Toutefois, l'engrais phosphaté qui n'est pas absorbé par les plantes au cours de la campagne agricole demeure dans le sol et peut se lier encore plus fortement au sol que l'engrais fraîchement épandu. La disponibilité du « phosphore résiduel » pour les plantes est encore une énigme. Comme il est fortement lié au sol, il est possible que les analyses de la présence du phosphore dans le sol ne permettent pas de le détecter. Ces analyses servent à mesurer la teneur en phosphore inorganique facilement assimilable en vue de déterminer les besoins en engrais. Les chercheurs d'Agriculture et Agroalimentaire Canada (AAC) mènent des études sur le phosphore résiduel aux quatre coins du Canada dans le cadre d'un projet sur le phosphore dirigé par Noura Ziadi, Ph. D., au Centre de recherches d'AAC à Sainte-Foy.
« La disponibilité des parcelles à long terme est essentielle à l'étude des nouveaux problèmes qui surviennent, comme la surapplication possible d'engrais phosphatés.
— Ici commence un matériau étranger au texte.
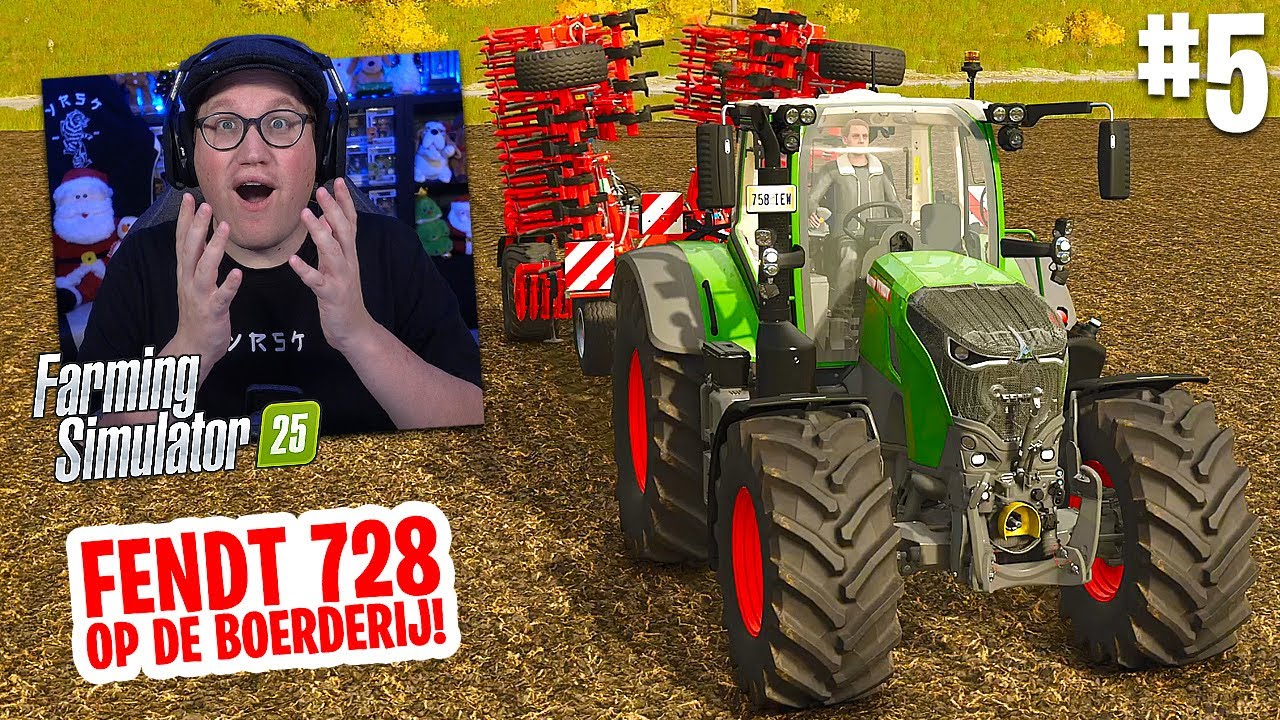 FENDT 728 VAN DE DEALER! // Farming Simulator 25 #5 (Nederlands)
Bien que nous sachions que les plantes n'absorbent pas l'entière quantité d'engrais épandue, nous ne savons pas comment les composés de phosphore contenus dans le sol interagissent avec les autres éléments du sol, les microbes et les plantes au fil du temps. » déclare Barbara Cade-Menun, Ph. D., chercheure scientifique, Agriculture et Agroalimentaire Canada
Barbara Cade-Menun, Ph. D., du Centre de recherches sur l'agriculture des prairies semi-arides (CRAPSA), à Swift Current (Saskatchewan) dirige l'une des études du projet sur le phosphore. Les membres de son équipe mènent des études sur un ensemble de parcelles agricoles établies en 1967. Jusqu'en 1995, on a ajouté à ces parcelles des engrais phosphatés et azotés. Par la suite, chaque parcelle a été divisée en deux; une seule partie reçoit maintenant un apport en phosphore. Les chercheurs peuvent ainsi étudier de façon contrôlée les effets à long terme du phosphore résiduel.
La croissance des plants de blé sur les parcelles sans apport en phosphore a grandement surpris les chercheurs. Bien que les analyses du sol révèlent de très faibles teneurs en phosphore pour ces parcelles, leur rendement et la concentration en phosphore des grains étient identiques à ceux des parcelles fertilisées.Les plants non fertilisés ont pu absorber le phosphore résiduel ainsi que le phosphore provenant d'autres sources comme le phosphore organique des matières végétales en décomposition.
Cette étude devra être reproduite avec d'autres cultures dans d'autres types de sol et de conditions environnementales. Les résultats enregistrés suggèrent toutefois que les producteurs pourraient redéfinir leur utilisation de l'engrais phosphaté. L'absorption par les plantes du phosphore se trouvant déjà dans le sol permettrait aux producteurs de réaliser des économies et réduirait les risques de perte de phosphore dans les plans d'eau avoisinants.
Le Centre des sciences structurelles de la Saskatchewan de l'Université de la Saskatchewan et le Centre canadien de rayonnement synchrotron ont contribué aux travaux de Mme Cade-Menun.
Les principales découvertes
- Pendant une période de 15 ans (1995-2010), le rendement des plants de blé des parcelles du CRAPSA n’ayant pas reçu d’apport en phosphore était identique à celui des plants fertilisés.
- Ces plants ont pu absorber le phosphore résiduel accumulé dans le sol, ce qui remet en question les idées reçues concernant l’apport en engrais additionnel.